Pension overpayments—beginners’ guide
Produced in partnership with Wyn Derbyshire of gunnercooke LLP
Pension overpayments—beginners’ guide

The following Pensions practice note Produced in partnership with Wyn Derbyshire of gunnercooke LLP provides comprehensive and up to date legal information covering:

  • Pension overpayments—beginners’ guide
  • Why do pension overpayments occur?
  • What is the role of the trustees?
  • What is the role of the employer?
  • What is the usual position of a member who has been overpaid?
  • What are possible methods of recovering overpayments?
  • Asking member to agree to repayment
  • Bringing claim for restitution
  • Equitable recoupment
  • Bringing a claim against professional advisers
  • More...

This guide is primarily aimed at trainees, newly qualified lawyers and other persons who are new to or unfamiliar with pensions law.

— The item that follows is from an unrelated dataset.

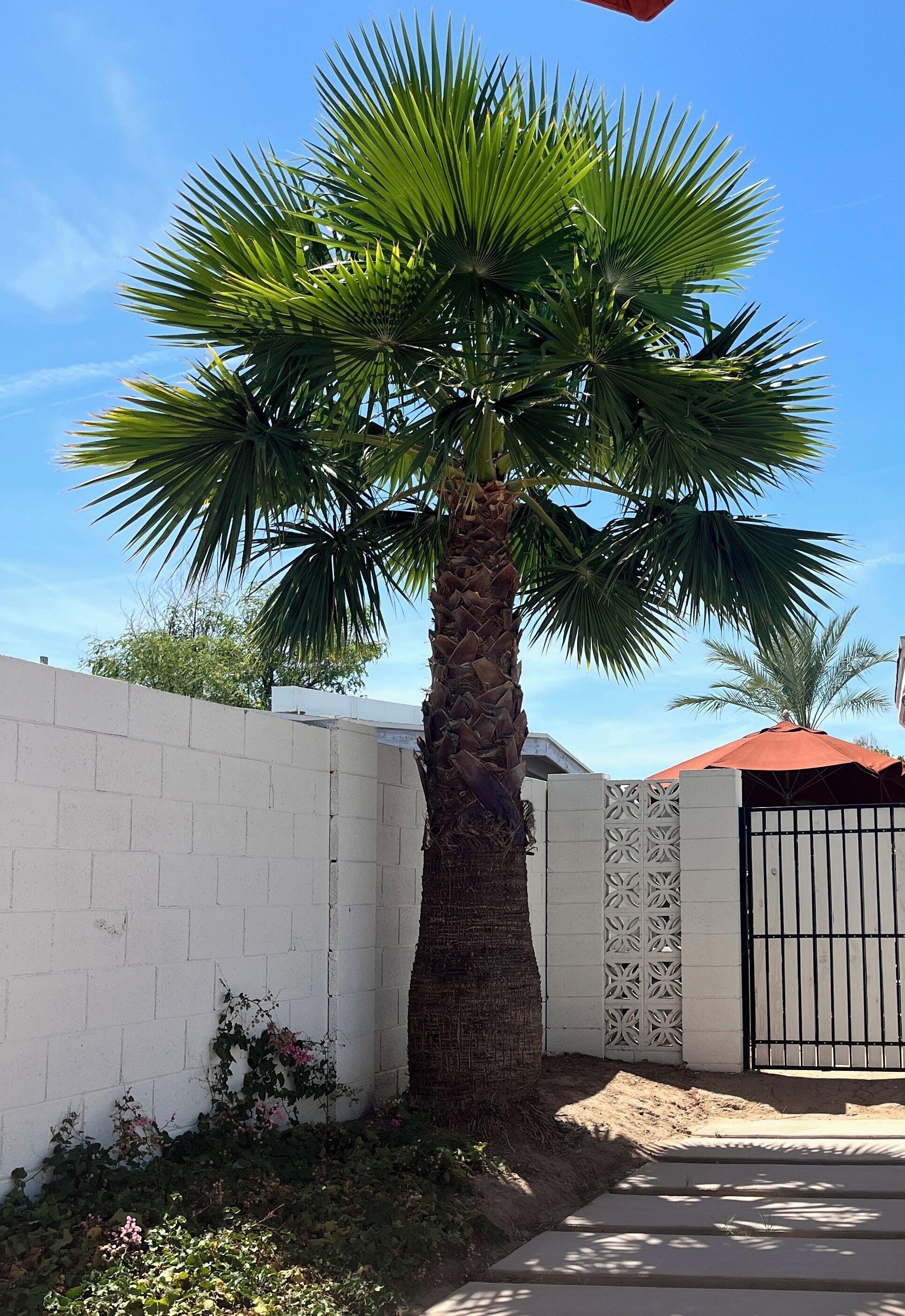 A palm tree in front of a white brick wall with a decorative gate.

Why do pension overpayments occur?

Pension overpayments from occupational pension schemes generally arise either as a result of:

  1. incorrect calculations of pensions due, or

  2. incorrect information having been provided to the pension scheme, which is then used to form the factual basis upon which the pension calculations are subsequently carried out

However, regardless of the cause of the error, the overpayment of benefits can cause considerable difficulties and distress for the trustees of the relevant pension scheme, its sponsoring employer and, naturally, the members concerned, each of whom will have their own views on the matter.

What is the role of the trustees?

Members often assume that trustees have a choice over whether or not they recover or stop an overpayment, whereas in reality the flexibility not to pursue an overpayment is fairly limited.

Subject to the successful application of defences that might be advanced to defeat a repayment claim, as discussed further below, members are only entitled to receive the pension benefits to which they have an entitlement under their scheme’s rules and trustees of an occupational pension scheme have a duty to ensure the correct payment of those benefits.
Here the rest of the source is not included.